[[ Recorded information, beginning ]]

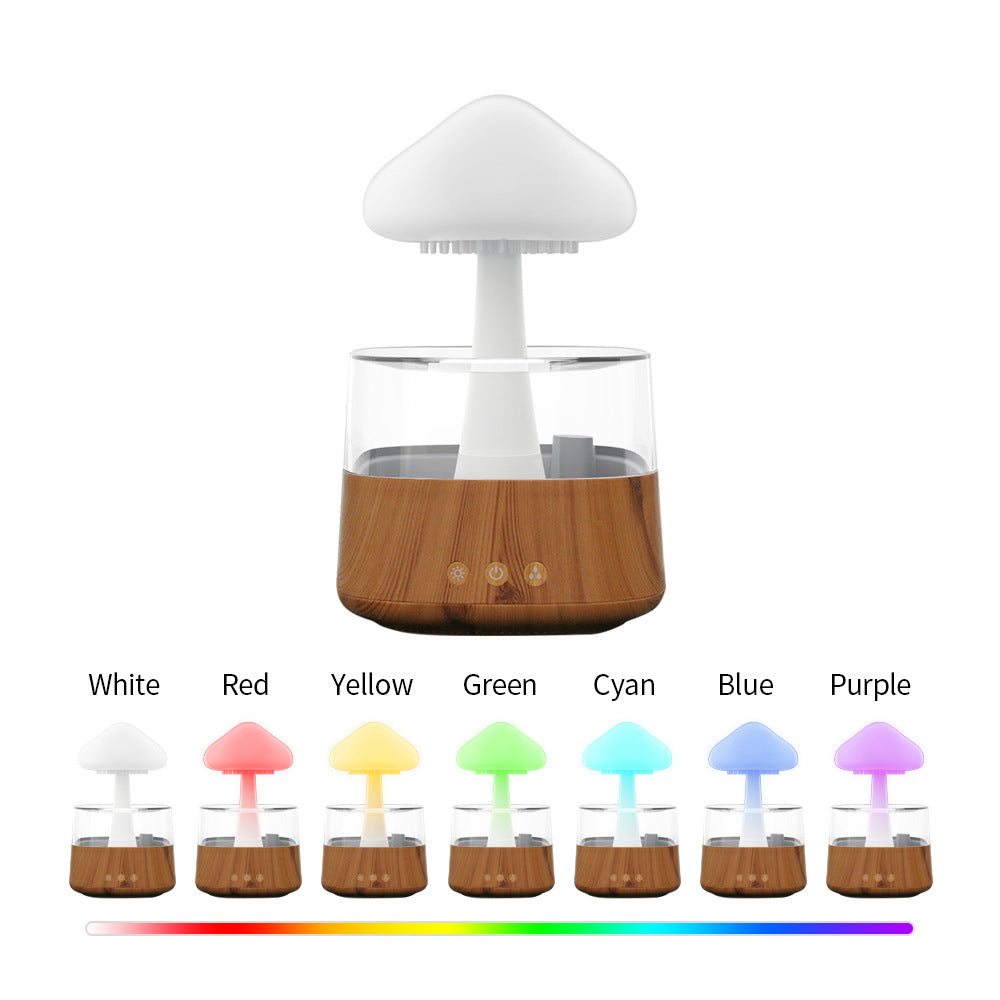 Avtoit | Rain Cloud humidifier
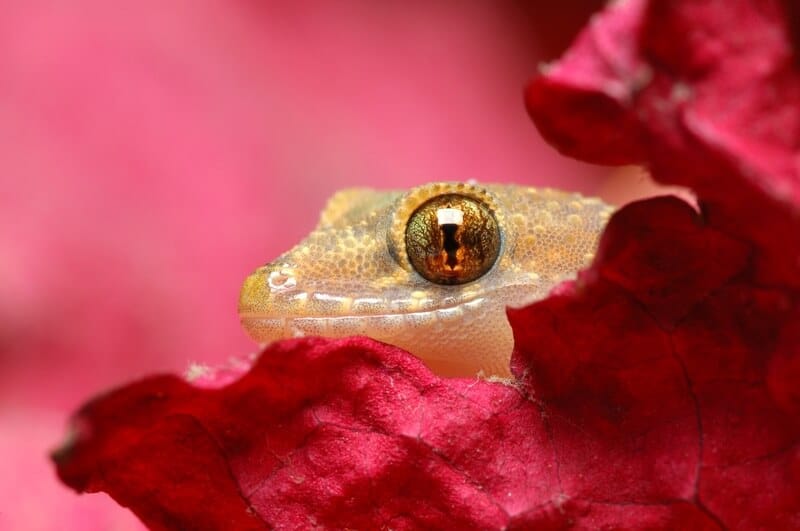 Un juguetón gecko mediterráneo trepando sobre una hoja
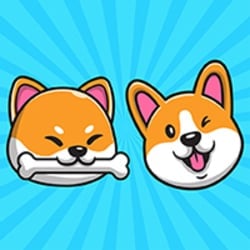 coin icon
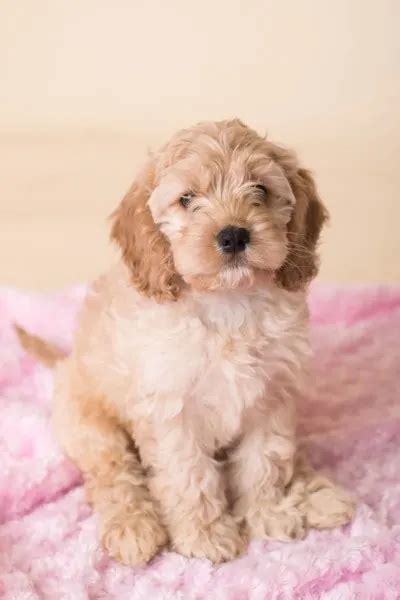 Cocker Spaniel Poodle Mix – The No.1 Cockapoo Guide! – The Puppy Mag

[[ Recorded information, end ]]

◆ The problem
With the pictures omitted, reproduce the data above exactly.

◆ Response to this exercise
 Avtoit | Rain Cloud humidifier
 Un juguetón gecko mediterráneo trepando sobre una hoja
 coin icon
 Cocker Spaniel Poodle Mix – The No.1 Cockapoo Guide! – The Puppy Mag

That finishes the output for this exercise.